══ Source material
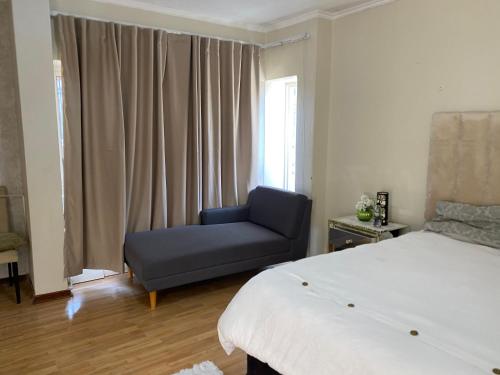 a bedroom with a bed and a blue chair at Siena Sun Guesthouse Rooms and Breakfast Option in Midrand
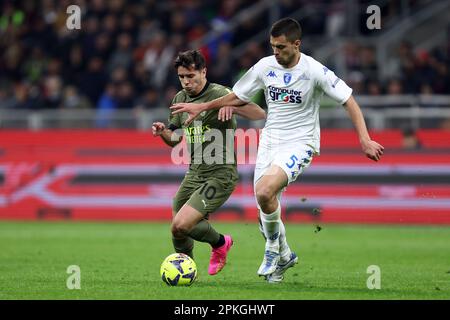 Milano, Italy. 07th Apr, 2023. Brahim Diaz of Ac Milan and Alberto Grassi of Empoli Fc battle for the ball during the Serie A match beetween Ac Milan and Empoli Fc at Stadio Giuseppe Meazza on April 7, 2023 in Milano, Italy . Credit: Marco Canoniero/Alamy Live News Stock Photo
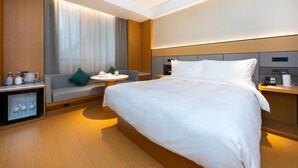 A modern hotel room with a large bed, a sofa, a small round table, and a minibar.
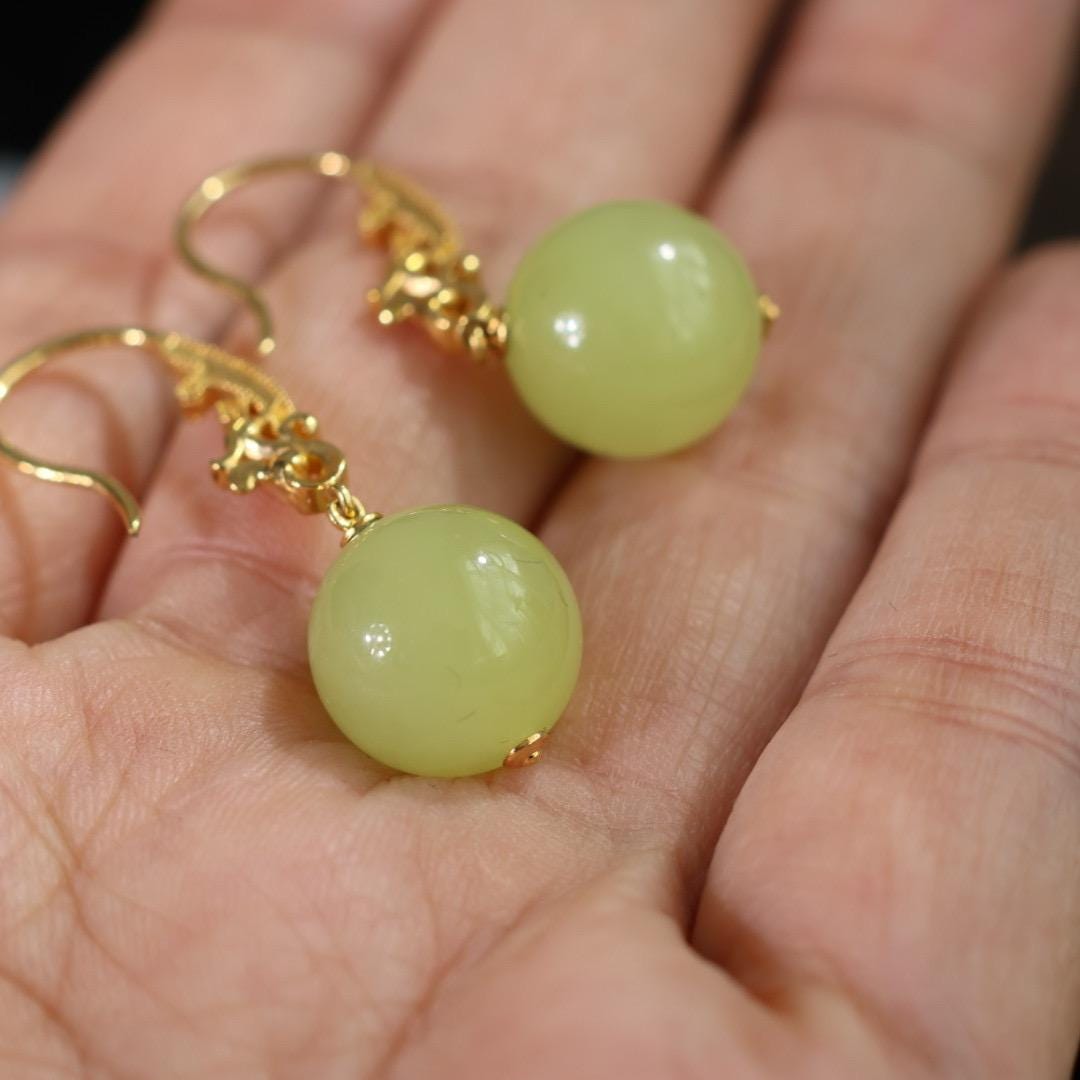 Antique style yellow nephrite and solid gold phoenix earrings 18k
════
- [Aim of the exercise]
Would you restate the listing word for word without its pictures?

- [Finished task]
 a bedroom with a bed and a blue chair at Siena Sun Guesthouse Rooms and Breakfast Option in Midrand
 Milano, Italy. 07th Apr, 2023. Brahim Diaz of Ac Milan and Alberto Grassi of Empoli Fc battle for the ball during the Serie A match beetween Ac Milan and Empoli Fc at Stadio Giuseppe Meazza on April 7, 2023 in Milano, Italy . Credit: Marco Canoniero/Alamy Live News Stock Photo
 A modern hotel room with a large bed, a sofa, a small round table, and a minibar.
 Antique style yellow nephrite and solid gold phoenix earrings 18k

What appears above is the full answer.